The problem arises when I need to handle all tags like the same type, for instance if I have a slice of tags, of a function that either accepts or returns a tag.
The solutions I have so far seen to this is to define the slices/functions with an empty interface which would allow me to do so, however that is kinda undesirable as it would not tell anything to other people using the package about what types are expected and also kinda defies the point of having a typed language in the first place.
Interfaces does however seem to be the solution here, and i would love to have a Tag interface to pass around, that does require though that I define methods on them, and there are really no methods they need.
My current solution looks like this
type Tag interface{
implementTag()
}
type TagInt int
func (tag TagInt) implementTag() {}
type TagString string
func (tag TagInt) implementTag() {}
While this does indeed work and solves my problem, having to define dummy methods just for that feels very wrong.
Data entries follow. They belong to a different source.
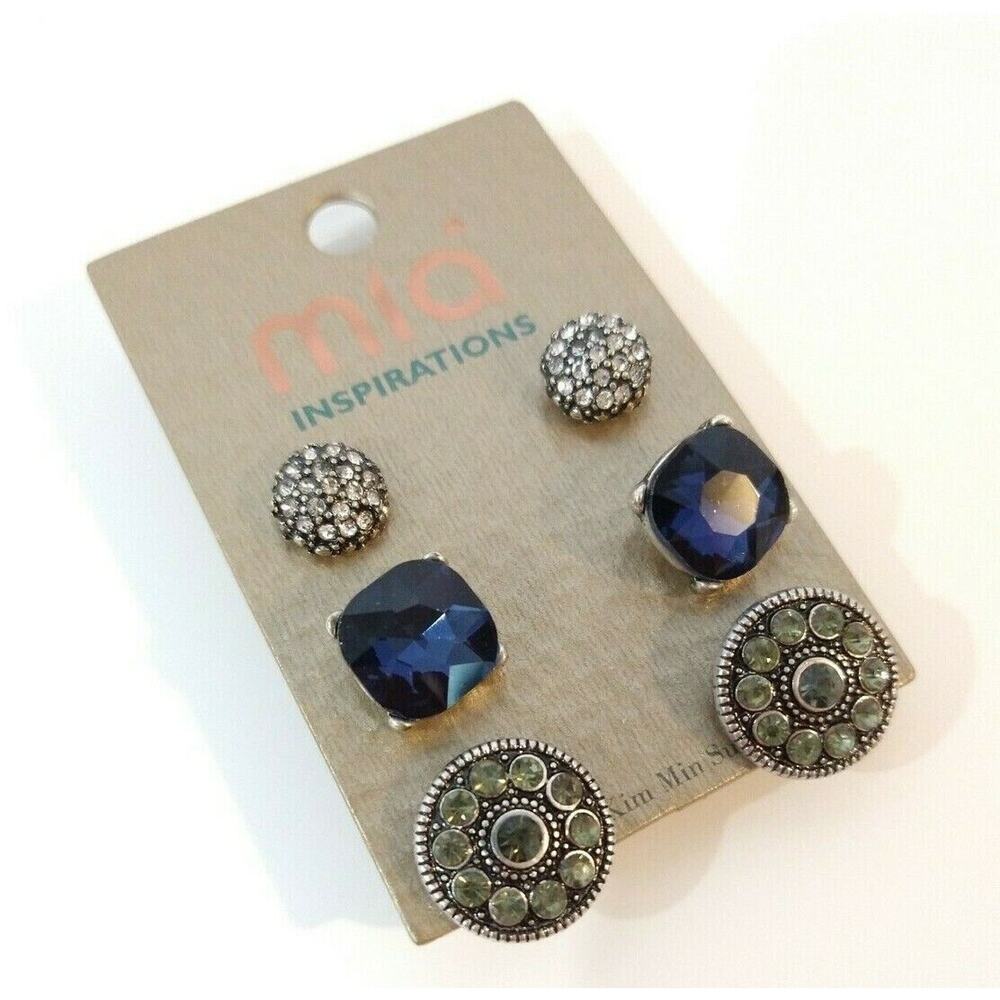 3-piece Silver Earring Set Faux Diamonds & Brilliant Blue Studs Mia Inspirations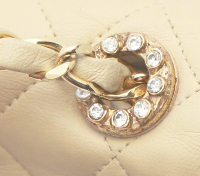 Chanel Beige Logo And Crystals Handbag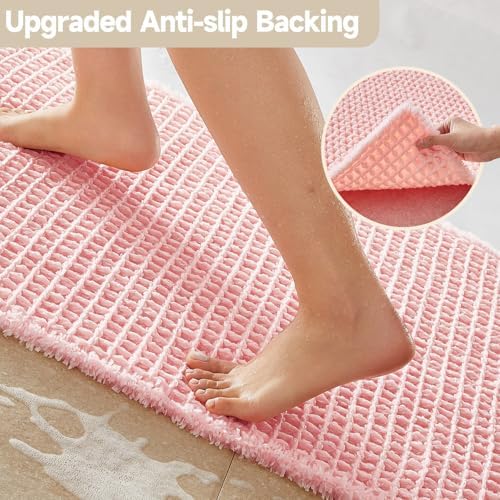TYUU Waffle Bath Mat, Cute Bathroom Rugs Non Slip, 48x24 Light Peachy Pink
So my question sums up in this: Are there any way that I can define that something is a Tag without having to define dummy methods?
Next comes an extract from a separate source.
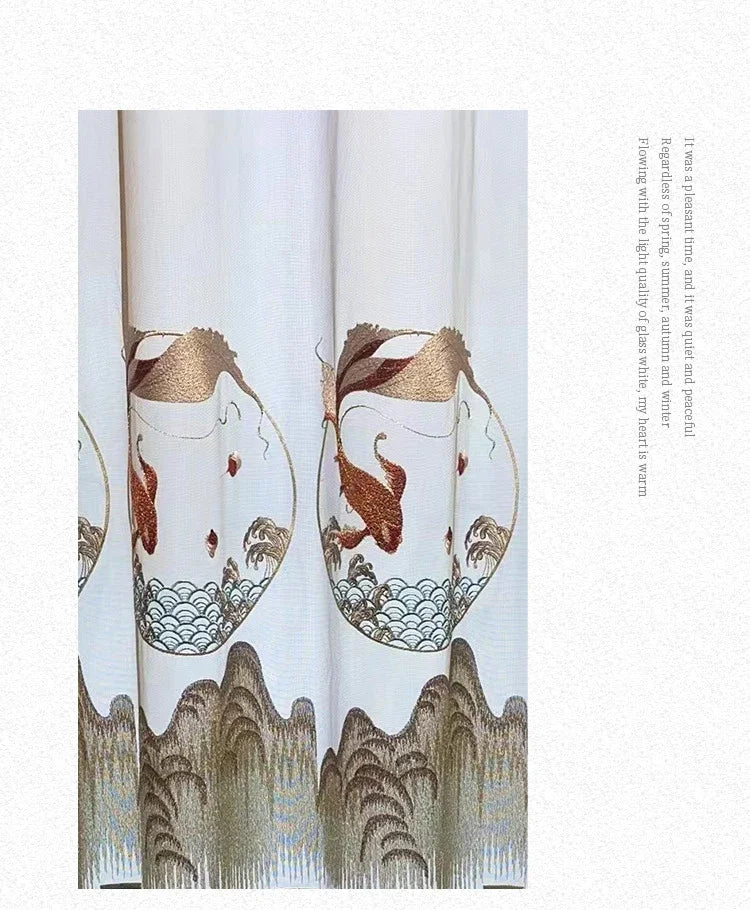 Embroidered Modern Velvet Blackout Curtains - Custom Classic Shading Drapes for Living Room & Bedroom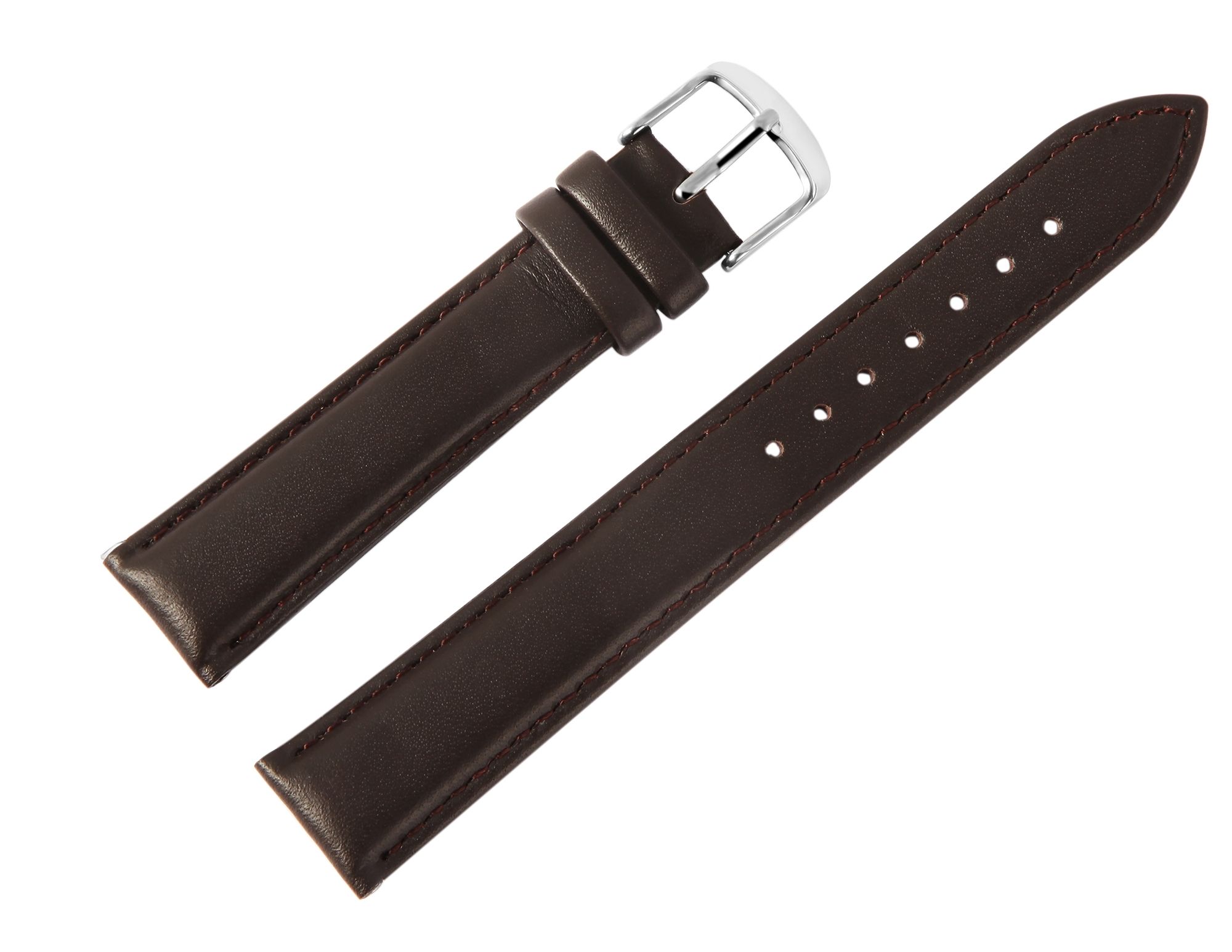 Echtleder-Uhrenarmband, dunkelbraun, 12 mm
And now want to make a slice that can hold both t1 and t2 but nothing else.
You cannot do that. Sorry.
What I would do in your scenario is accept any type in the parameters with an empty interface then use a type assertion inside to confirm that it's the type that you want.
if t1, ok := interfaceInput.(t1); !ok{
// handle it being the wrong type here
return
}
Also if you want the tight coupling between a data type and it's method, namely an object, what's so wrong with having it be a method of the object?
You can use []interface{} for a "slice of any type" but then it's up to you to use type assertions and/or type switches to discover the actual runtime types of that slice's members.
Learn more about empty interfaces in the Tour of Go
And now want to make a slice that can hold both t1 and t2 but nothing
else.
This is quite an unusual requirement and you're unlikely to need this in Go. But you could also do your own discriminated union with:
type item struct {
typeSelector int
t1Value t1
t2Value t2
}
And then use []item, checking typeSelector at runtime to see which value is populated.
Alternatively you could even use *t1 and *t2 and have nil signify "no value in this field".
I started using Golang recently and stumbled across a problem:
I have two structs, human and alien, which are both based on the creature struct. I want to initialize one of them based on the value of the isAlien boolean inside of an if-statement.
Using the human := human{} notation or the alien equivalent inside the if blocks to initialize, the instances aren't accessible from outside of the if-statement.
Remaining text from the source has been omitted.